■ **EXERCISE AIM**:
No pictures belong in the result; set down exactly the lines from the one containing "WWF WWE THE" through the final line of the listing, and nothing more.
[AVAILABLE DATA]
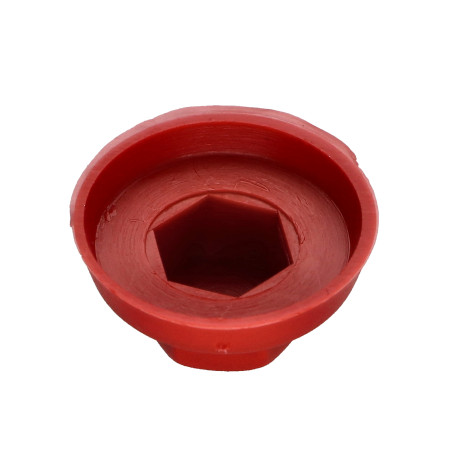 Capa cabeça hexagonal Polietileno RAL3003 Para parafusos autoperfurantes ou para chapa Ø 4,8-5,5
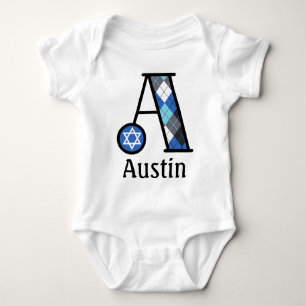 Body Para Bebé La estrella del muchacho del monograma A del mono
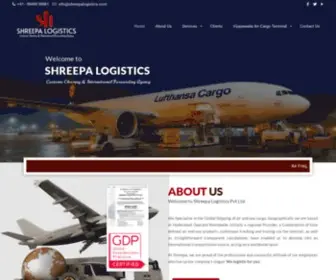 Shreepalogistics.com(Customs Clearing & International Forwarding Agency) Screenshot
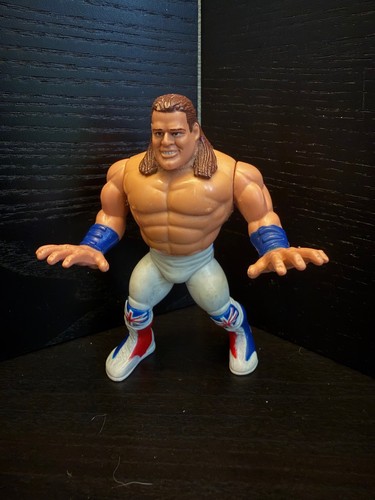 WWF WWE THE BRITISH BULLDOG WRESTLING FIGURE HASBR...
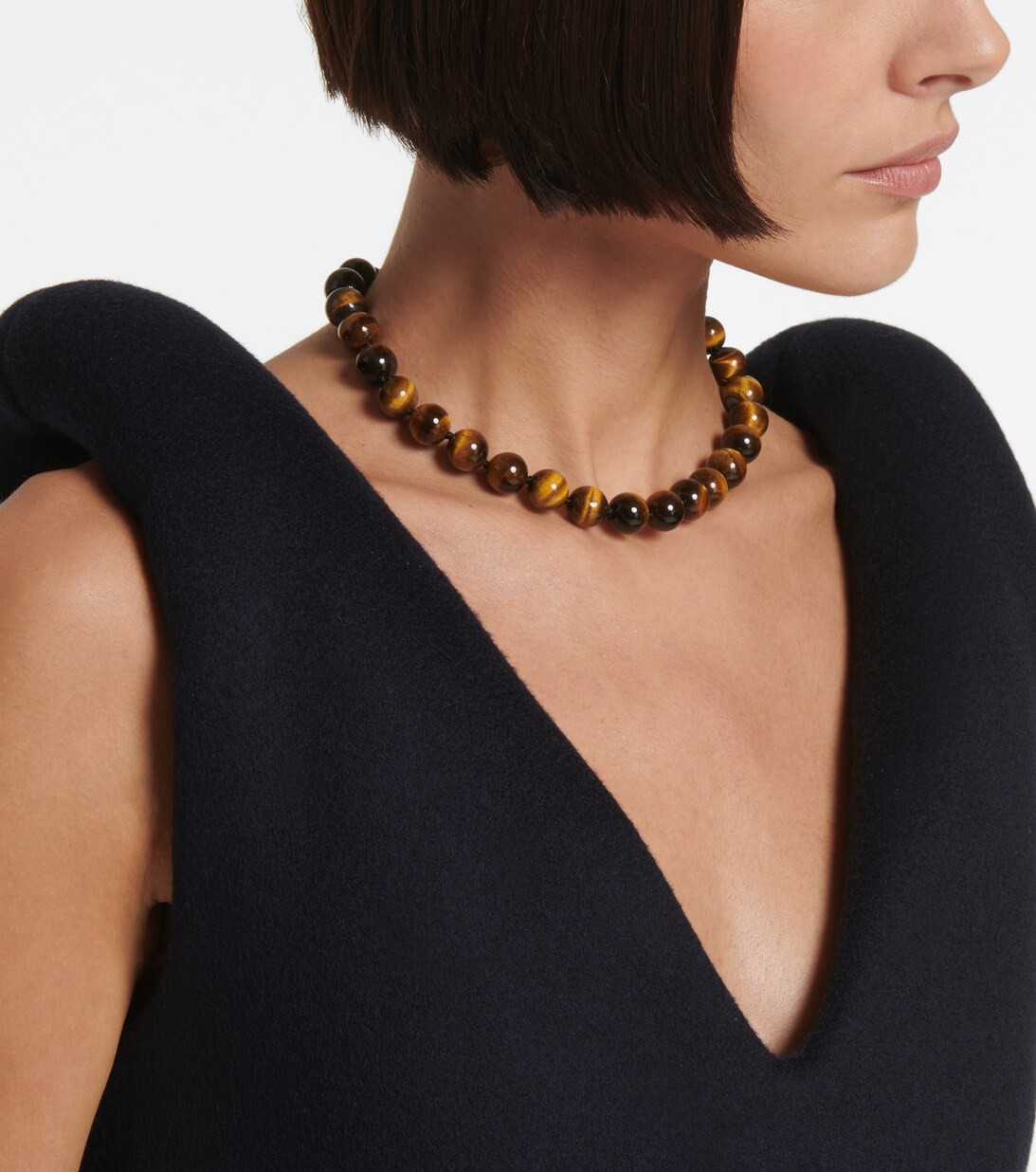 Everyday Boule sterling silver choker with tiger’s eye | Mytheresa (US/CA)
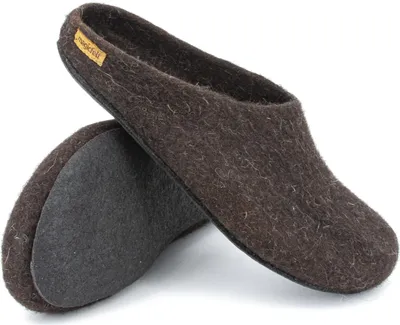 Produktbild von Magicfelt AT 719 Filz-Hausschuh - für Damen & Herren | Pantoffel aus 100% Schurwolle Juraschaf Schwarz ,42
[/AVAILABLE DATA]
■ **ANSWER**:
 WWF WWE THE BRITISH BULLDOG WRESTLING FIGURE HASBR...
 Everyday Boule sterling silver choker with tiger’s eye | Mytheresa (US/CA)
 Produktbild von Magicfelt AT 719 Filz-Hausschuh - für Damen & Herren | Pantoffel aus 100% Schurwolle Juraschaf Schwarz ,42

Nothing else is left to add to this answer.